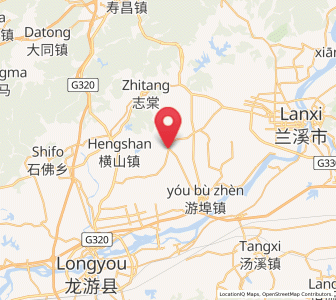 Map of Shuiting, Zhejiang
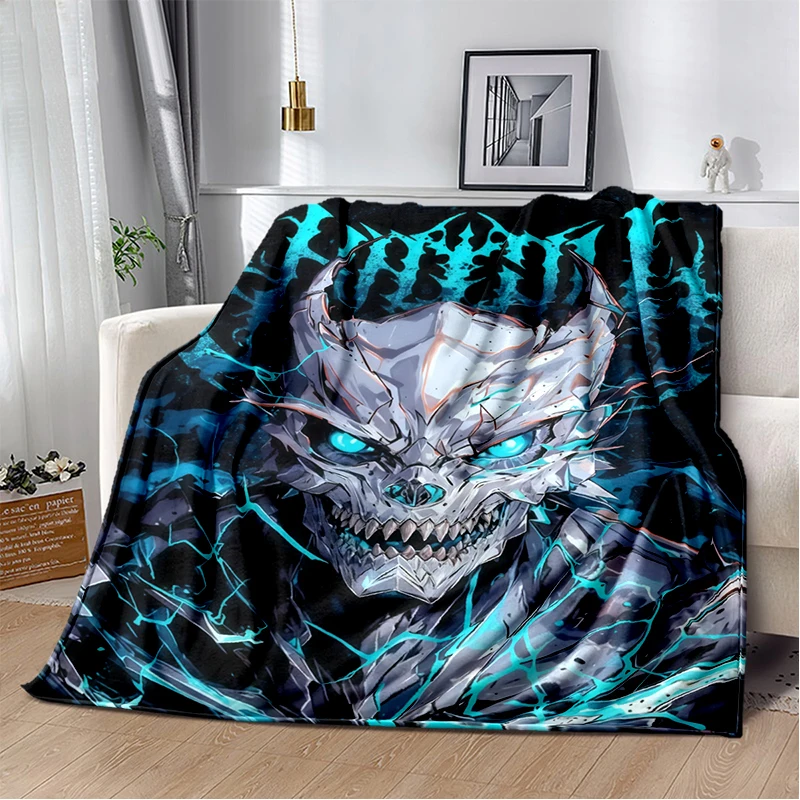 

3D Kaiju No.8 аниме мультфильм мягкое фланелевое одеяло для кровати, спальни, дивана, пикника, одеяло для покрытия, офисного подарка для детей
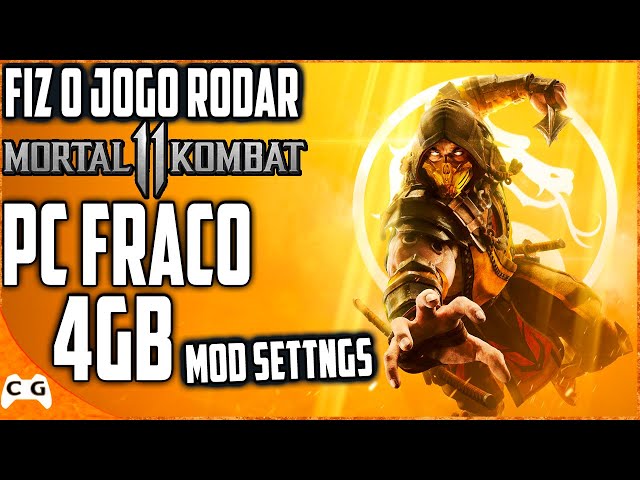 Melhor notebook para jogar Mortal Combat 11 -i5-750-video 2G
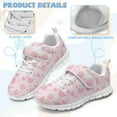 thumbnail image 5 of Psesaysky Strawberry Rabbits Pink Velcro Sneakers Light Breathable Non Slip Durable Sports Shoes for Little Girls Size 11-15, 5 of 7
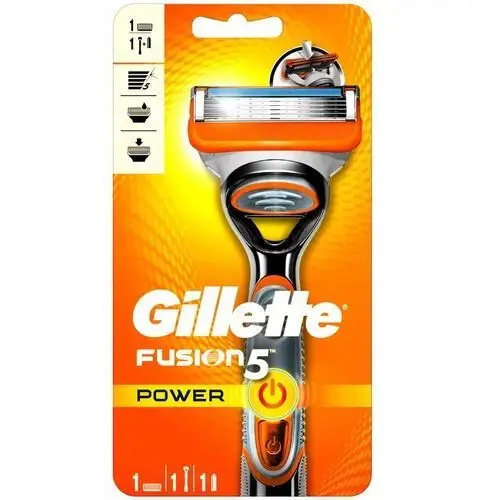 Gillette Fusion Power Maszynka Do Golenia Wkład Oryginał Od Dystrybutora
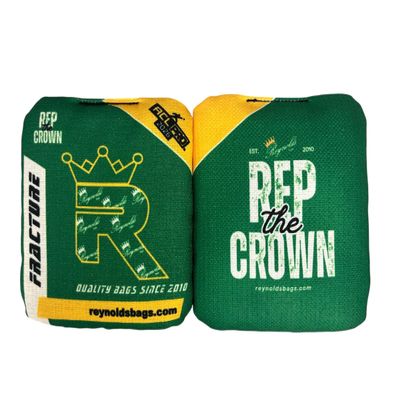 Fracture - Reynolds Cornhole Bags - ACL Approved - AS SEEN ON ESPN - Professional Cornhole Bags - Made in The USA (Green)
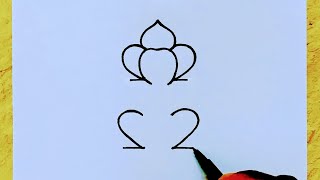 God Ganesha drawing from number 2 easy step by step // Lord Ganesha Chaturthi drawing easy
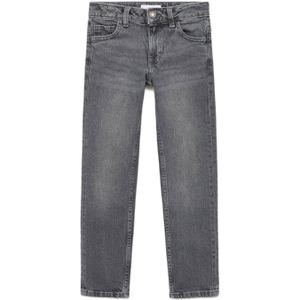 Mango Kids regular waist regular fit jeans grey denim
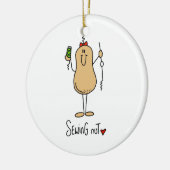 Nut T-shirts en schenkingen Keramisch Ornament (Links)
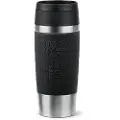 EMSA Travel Mug Classic N2020200, Sort, Rustfritt stål, Silikon, Rustfritt stål, Polypropylen (PP), 4 timer, 8 timer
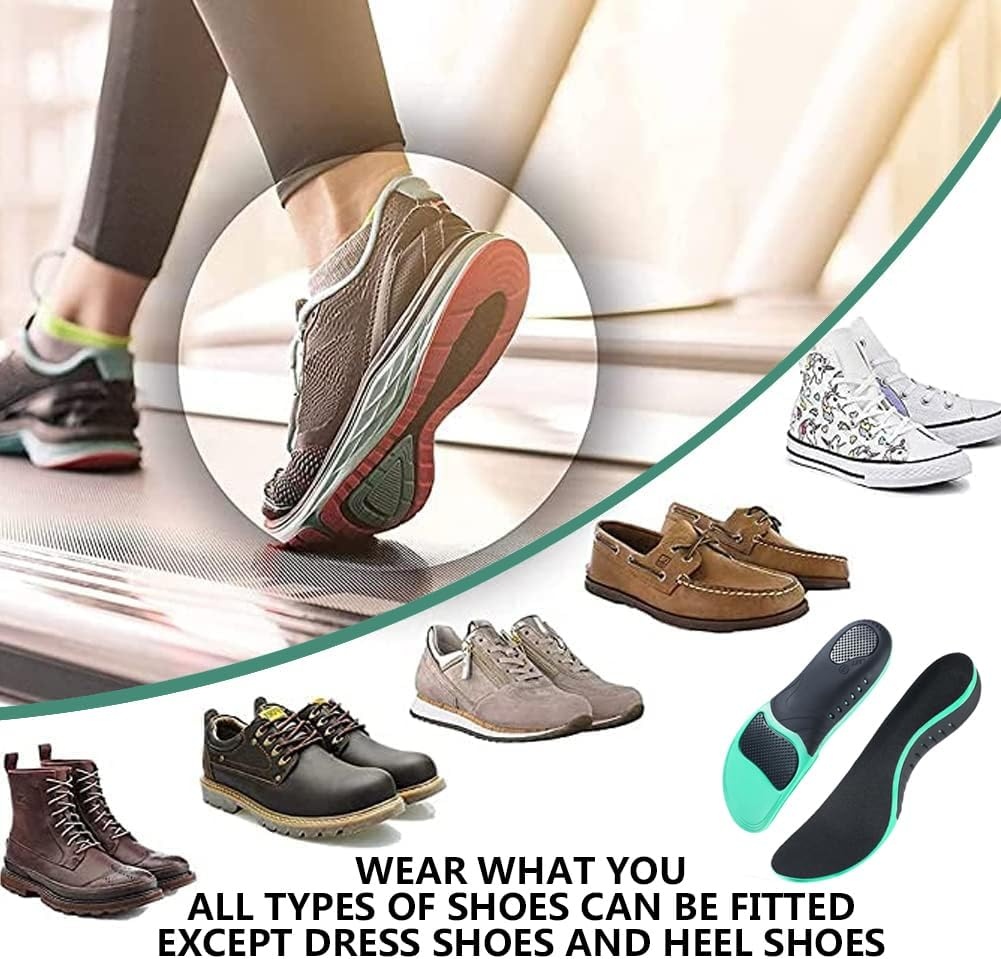 Arch Support Orthotic Insoles, Feet Insoles for Plantar Fasciitis, Arch Support for Treating Heel Pain and Heel Spurs, Men and Women S(EU 35-37)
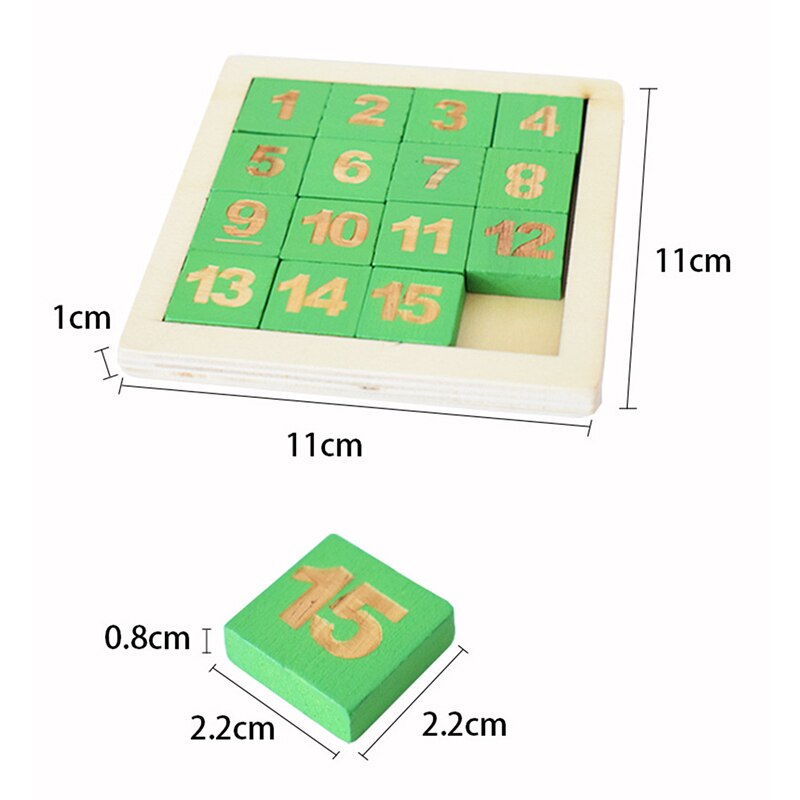 Houten Digitale Huarong Dao Intelligentie Speelgoed Voor Kind Vroege Jeugd Onderwijs Voorschoolse Training Leren Sliding Math Puzzels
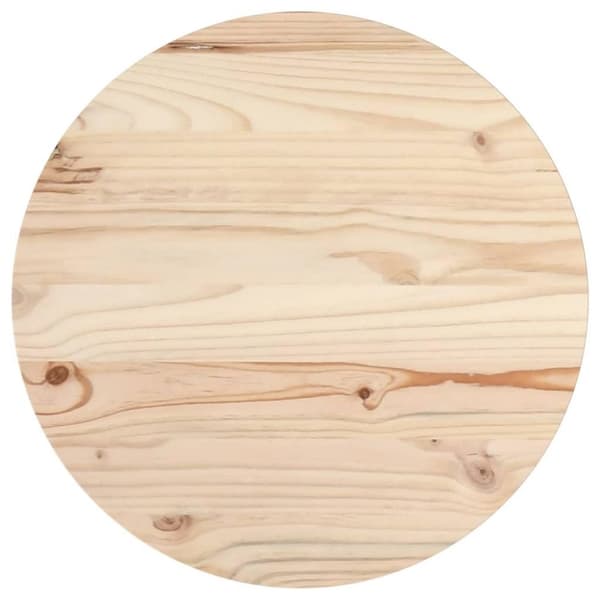 vidaXL Bordsskiva Ø50x2,5 cm massiv furu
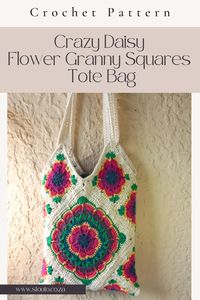 large sized crochet totebag pattern perfect for daily use.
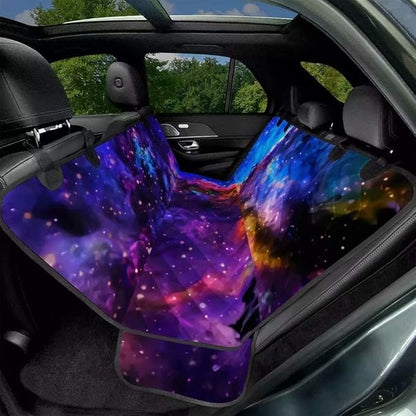AFPANQZ Galaxy Nebula Dog Seat Cover Bucket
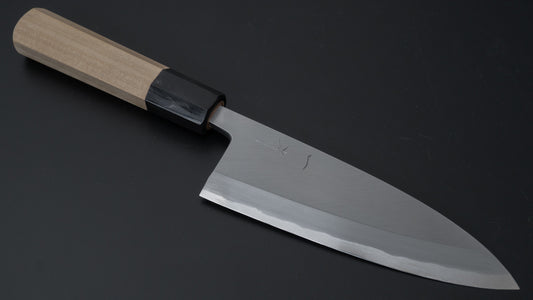 Hitohira Togashi Blue #2 Deba 150mm Ho Wood Handle (Saya)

====

> Requirement: Output the records above in their entirety and exactly, leaving out all images.

> Finished task:
 Map of Shuiting, Zhejiang

3D Kaiju No.8 аниме мультфильм мягкое фланелевое одеяло для кровати, спальни, дивана, пикника, одеяло для покрытия, офисного подарка для детей
 Melhor notebook para jogar Mortal Combat 11 -i5-750-video 2G
 thumbnail image 5 of Psesaysky Strawberry Rabbits Pink Velcro Sneakers Light Breathable Non Slip Durable Sports Shoes for Little Girls Size 11-15, 5 of 7
 Gillette Fusion Power Maszynka Do Golenia Wkład Oryginał Od Dystrybutora
 Fracture - Reynolds Cornhole Bags - ACL Approved - AS SEEN ON ESPN - Professional Cornhole Bags - Made in The USA (Green)
 God Ganesha drawing from number 2 easy step by step // Lord Ganesha Chaturthi drawing easy
 Mango Kids regular waist regular fit jeans grey denim
 Nut T-shirts en schenkingen Keramisch Ornament (Links)
 EMSA Travel Mug Classic N2020200, Sort, Rustfritt stål, Silikon, Rustfritt stål, Polypropylen (PP), 4 timer, 8 timer
 Arch Support Orthotic Insoles, Feet Insoles for Plantar Fasciitis, Arch Support for Treating Heel Pain and Heel Spurs, Men and Women S(EU 35-37)
 Houten Digitale Huarong Dao Intelligentie Speelgoed Voor Kind Vroege Jeugd Onderwijs Voorschoolse Training Leren Sliding Math Puzzels
 vidaXL Bordsskiva Ø50x2,5 cm massiv furu
 large sized crochet totebag pattern perfect for daily use.
AFPANQZ Galaxy Nebula Dog Seat Cover Bucket
 Hitohira Togashi Blue #2 Deba 150mm Ho Wood Handle (Saya)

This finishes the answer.